Há uma grande confusão sob o céu, já dizia Mao e frequentemente recordava Vásquez Montalbán. Atualmente, esse caos se concentra no debate cultural entre a esquerda, a partir de uma série de leituras de verão – especialmente o livro de Daniel Bernabé, seguido de apaixonados comentários, críticas e retificações – que refletem sobre classes sociais e desigualdades e, portanto, sobre o papel do trabalho em uma sociedade “que o glorifica entendendo que, fora dele, assim como se construiu, não existe possibilidade alguma de valorizar a vida social”, assim como resume Jorge Moruno em “La fábrica del emprendedor”, certamente seu livro melhor construído. “Trabajo y política en la empresa-mundo”, publicado por Akal em 2015 e que teve sua segunda edição em 2017.

O debate provém da crise da sociedade salarial e da chegada de uma ordem pós-industrial na qual o trabalho diminui seu papel central e novas formas de poder tecnocrático geram formas de conflito distantes da análise convencional da luta de classes. Se trata de pôr em dúvida uma visão totalizante segundo a qual a sociedade é representada, reduzidamente, somente em termos de identidade de classe, sobre a base da posição que ocupa no processo de produção de bens e serviços em uma economia capitalista. Uma visão que é cega frente ao racismo, que nega a diversidade cultural das sociedades desenvolvidas contemporâneas e que apresenta pelo contrário o que faz já há duas décadas, Nick Dyer-Witheford qualificou como “triunfalismo científico” em sua muito interessante monografia “Cyber-Marx”.
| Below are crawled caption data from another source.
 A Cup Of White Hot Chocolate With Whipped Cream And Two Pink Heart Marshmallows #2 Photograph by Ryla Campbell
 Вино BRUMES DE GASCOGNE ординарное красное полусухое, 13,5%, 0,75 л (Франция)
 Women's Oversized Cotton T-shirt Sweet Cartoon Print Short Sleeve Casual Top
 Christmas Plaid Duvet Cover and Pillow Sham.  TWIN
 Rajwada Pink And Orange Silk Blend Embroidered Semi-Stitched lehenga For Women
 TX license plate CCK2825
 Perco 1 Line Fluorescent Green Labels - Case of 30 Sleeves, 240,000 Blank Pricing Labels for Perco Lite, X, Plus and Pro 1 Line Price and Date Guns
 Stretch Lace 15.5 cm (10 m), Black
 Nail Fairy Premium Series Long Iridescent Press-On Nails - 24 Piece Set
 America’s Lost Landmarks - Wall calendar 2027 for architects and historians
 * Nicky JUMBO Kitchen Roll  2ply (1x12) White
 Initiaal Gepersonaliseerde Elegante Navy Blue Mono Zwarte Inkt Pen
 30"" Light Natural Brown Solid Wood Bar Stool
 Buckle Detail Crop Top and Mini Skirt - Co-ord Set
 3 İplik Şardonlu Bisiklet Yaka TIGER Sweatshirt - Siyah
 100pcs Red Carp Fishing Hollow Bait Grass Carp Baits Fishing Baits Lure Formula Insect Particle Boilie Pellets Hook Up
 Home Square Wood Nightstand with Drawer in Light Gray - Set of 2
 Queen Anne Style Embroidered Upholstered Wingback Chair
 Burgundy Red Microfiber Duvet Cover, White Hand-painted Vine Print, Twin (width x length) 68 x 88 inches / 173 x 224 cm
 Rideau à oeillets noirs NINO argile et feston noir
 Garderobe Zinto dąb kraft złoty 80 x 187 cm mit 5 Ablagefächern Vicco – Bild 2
Cyber-Marx: Cycles and Circuits of Struggle in High Technology Capitalism”, publicado em 1999 pela editora da Universidade de Illinois, orientou boa parte das reflexões destas notas. Já não é central a confrontação entre capital e classe. As relações de classe se mesclam com outras dominações e opressões (sexismo, racismo, homofobia, industrialismo) sem que exista uma ordenação que as hierarquize umas sobre as outras: uma diversidade de identidades semioticamente construídas que colide com a centralidade da classe operária e a “quebra” definitivamente, como escreveu Pastora Filigrana em meio ao debate sobre as “diversidades”.

Há uma grande desordem sob o céu, pois a ordem global que se impõe é a da mercantilização geral de coisas e de pessoas, a compra e venda do tempo de vida, sua submissão à lei do valor em um sistema total e integrado de interdependências.

Uma ordem que inclui qualquer outra forma de dominação nessa lógica, uma forma cancerígena de crescimento e de geração de riqueza profundamente desigual, em um crescimento tóxico e suicida, em uma subordinação plena ao capital transnacional dos meios de comunicação e da educação de massas que recusam e repelem as mensagens que permitem identificar na ordem do capital e da globalização financeira a causa da injustiça e sofrimento de amplas camadas da população. Uma ordem que contém uma descomunal desordem, um complexo extenso de dores e angústias, de destruição e de aniquilação que se acumula em todos os cantos desse mundo.

A partir desse ponto de vista, o do antagonismo social, a confrontação se desloca para as lutas – velhas e novas – para dissolver e eliminar as formas de domínio e subjugação do capital. O que se debate está em torno de como centrar o discurso da emancipação no novo estado de civilização que nos apresenta o século XXI.

O recurso fundamental da nova sociedade é o conhecimento técnico-científico e a nova era se manifesta na iniciação e difusão das tecnologias da informação e do conhecimento, ao ponto de a geração de riqueza incessante depender de uma economia da informação na qual o intercâmbio e a manipulação de dados simbólicos excede a importância dos processos materiais – o que se denomina no discurso sindical europeu de “economia real”. Essas mudanças tecno-econômicas se acompanham de significativas transformações sociais, levando em conta que a transição a essa nova sociedade na qual vivemos se produz em escala planetária.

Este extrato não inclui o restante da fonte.